I also wanted to share something that’s been very helpful that I’m starting to use again, but forgot about. Back when I played poker (I guess my years of poker left me with something useful outside of staying up until 3 am with fellow degenerates on weekdays), I normally only played once or twice a week, and went months/years without playing. Of course I became very rusty, didn’t know the latest strategies, and needed extreme bursts of information to play at a high level when playing so infrequently. My solution was to watch online poker strategy videos from top players, who were often playing 4-8 games at once. This allowed me to mentally absorb thousands of hands played in a few hours time, but also importantly it was passive learning.
With a full-time career, girlfriend, friends, working out, and then the actual playing of poker, I didn’t have tons of mental energy in reserve. It’s well documented that active learning is superior (something like playing a hand of poker online, and then running it through simulations to see what a computer program thinks is theoretically correct), except for it takes energy and will-power. Passive learning (watching someone else do something) doesn’t allow you to retain as much, but if it comes down to vegetating with ESPN highlights of games you realize you couldn’t care less about, or watching a video of an expert explaining their craft, you’re probably going to get more out of the latter.
Recently I started using the app Freedom, which I use to block my time-waster websites during the day ( I often don’t have the willpower to not click them), but I didn’t block Youtube because I didn’t go there often. I invariably run into times when I’m running machine learning experiments that take 5 minutes-2 hours, and I don’t like starting and stopping a book. I realized I could access Youtube, and started sneaking in poker videos to pass the time. Eventually I ran out of junk to binge on, and cracked open a programming video. I enjoyed it even more, and actually started my passive learning up again! Watching other people do machine learning gave me new ideas, taught me things, and helped my brain relax a bit while I’m doing the heavy experiments on the side. It doesn’t get any nerdier than watching people code, but I’ve got to embrace my new identity. I’m sure there are cooler things for the rest of you to watch on Youtube if you want to relax a bit, but don’t want to consume pure brain goop like most social media.
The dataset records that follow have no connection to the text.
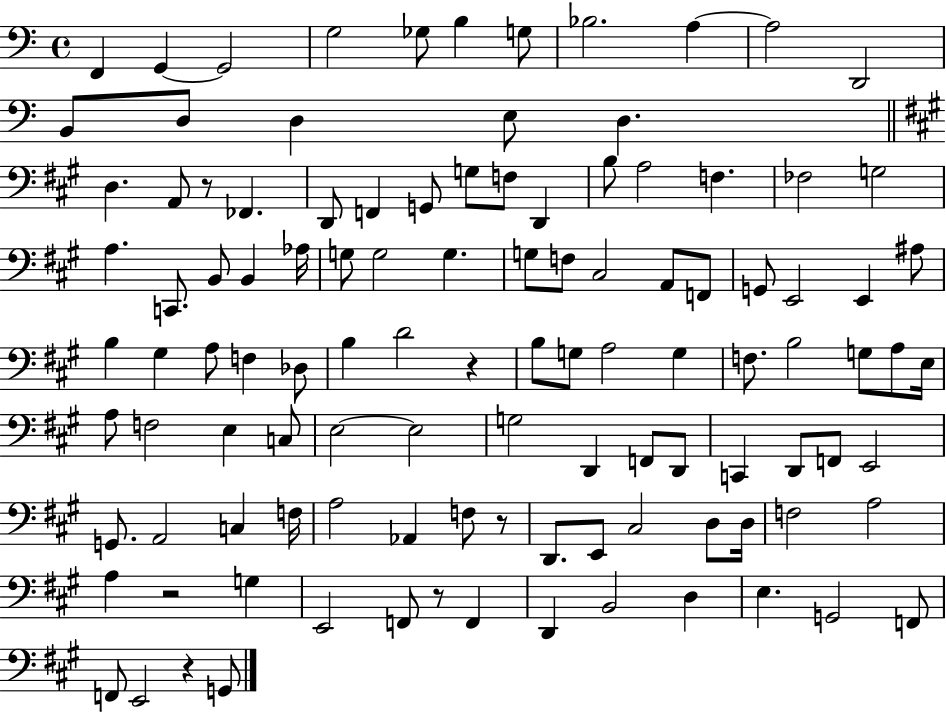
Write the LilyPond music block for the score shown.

{
  \clef bass
  \time 4/4
  \defaultTimeSignature
  \key c \major
  \repeat volta 2 { f,4 g,4~~ g,2 | g2 ges8 b4 g8 | bes2. a4~~ | a2 d,2 | \break b,8 d8 d4 e8 d4. | \bar "||" \break \key a \major d4. a,8 r8 fes,4. | d,8 f,4 g,8 g8 f8 d,4 | b8 a2 f4. | fes2 g2 | \break a4. c,8. b,8 b,4 aes16 | g8 g2 g4. | g8 f8 cis2 a,8 f,8 | g,8 e,2 e,4 ais8 | \break b4 gis4 a8 f4 des8 | b4 d'2 r4 | b8 g8 a2 g4 | f8. b2 g8 a8 e16 | \break a8 f2 e4 c8 | e2~~ e2 | g2 d,4 f,8 d,8 | c,4 d,8 f,8 e,2 | \break g,8. a,2 c4 f16 | a2 aes,4 f8 r8 | d,8. e,8 cis2 d8 d16 | f2 a2 | \break a4 r2 g4 | e,2 f,8 r8 f,4 | d,4 b,2 d4 | e4. g,2 f,8 | \break f,8 e,2 r4 g,8 | } \bar "|."
}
With that I’ll leave you with a few pics from the weekend and get back to my experiments and nerding out. The first is the birthday girl at Penida Bambu Green Villas (our first night), the second and fourth are pics of Keliking beach (sorry almost the same exact pic), and third was the view from our treehouse in the morning on the east side of the island overlooking Diamond beach.
3 Replies to “Nusa Penida and YouTube Tip”
I’ve always wanted to go to Nusa Penida 🤔
I don’t want to trash the place, the spots I mentioned are definitely worthy of a visit. I guess it depends if you can handle the annoyances of an island that is only for tourists (lower quality food, higher prices on everything, less friendly service, more getting hustled, crowds, etc). My tolerance for that is low, grumpy old man status, but it must have been pretty good overall because it didn’t ruin it for me.